The essay on Tibet is smaller in comparison but deeply emotional. Though I was aware of Tibetan case beforehand, but it really affected me. Mishra has tried to cover almost its whole history, way too before the Chinese military invasion, and also the times of occupation and killing of Lamas and Tibetan people, and how the Chinese converted Lhasa in a westernized tourist hubbub full of Chinese filths like the streets of Thamel in Kathmandu. Mishra was there in 2004 and he visited all tourist spots and some poverty-stricken villages also, beyond the capital. Mishra has concluded that Tibetans are the people who truly love their religion. This essay is really readworthy.
Almost all these essays had already been published in prestigious international magazines and Mishra just compiled them by putting a Prologue and gave the shape of a book; some of them (the essays) are a bit edited and different from the previously published content, as mentioned on the last page. All essays are considerably long, but the flawless writing kept me engaged. Pankaj Mishra is well-read person and it appears in his writing; reading him was like reading Nirad C. Chaudhary – the great memoirist. And yes, whatever I have tried to tell above about the essays is just a glimpse, not the gist; in fact, the essays are more varied and complex.

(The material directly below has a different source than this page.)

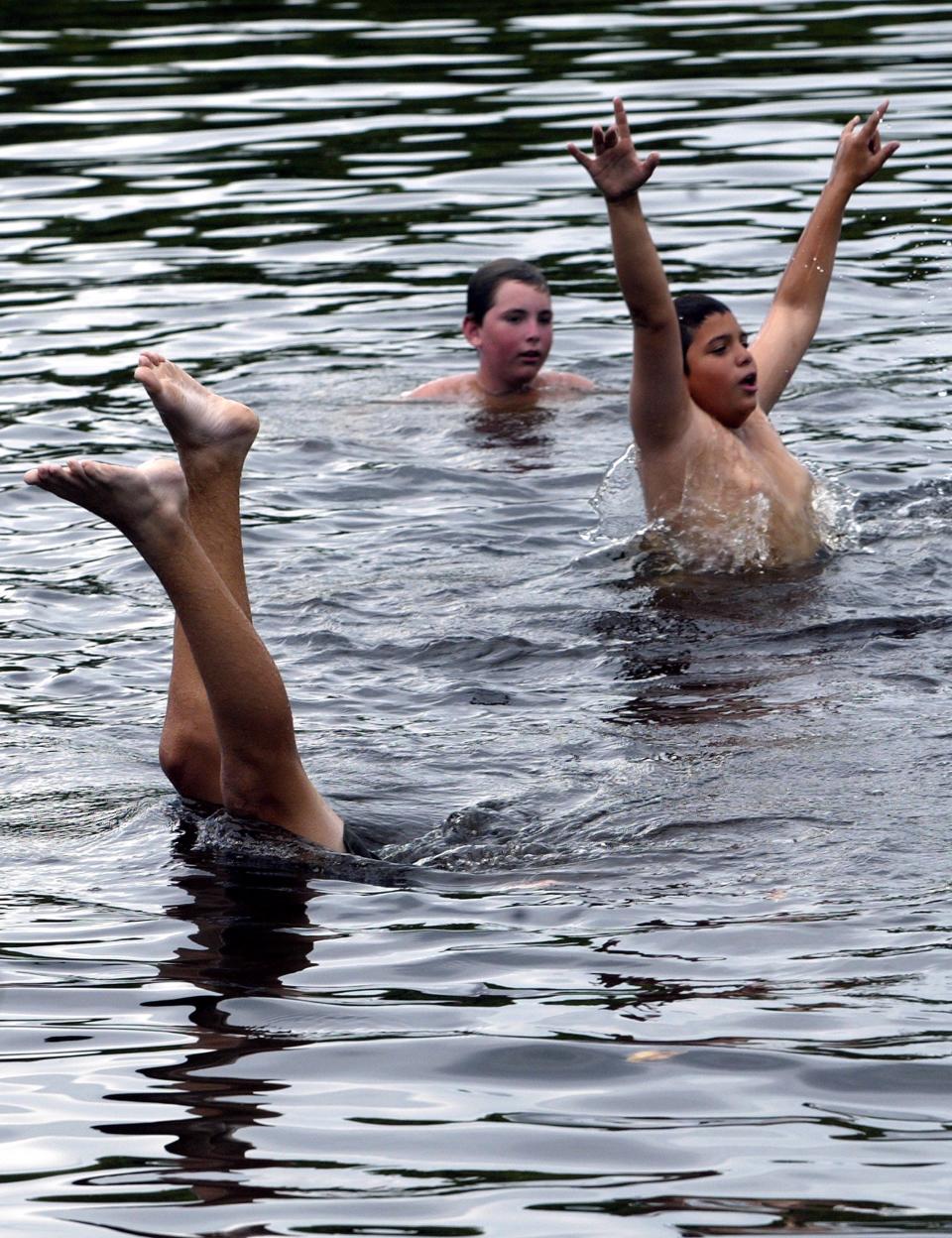 Hobe Sound-Boy Scouts of Tanah Keeta Summer Camp enjoy the new Loxahatchee River swimming area at Jonathan Dickinson State Park after a ribbon cutting ceremony in November 2011.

If you’re really interested in some serious reading to know how the present chaos emerged in the above mentioned South Asian regions; how an imposed and corporatized modernity of the West transformed their cultures; how communism and nationalism killed millions of innocent people, you should read this book.
I am waiting for another book by Mishra that’s on Buddhism, and will receive soon.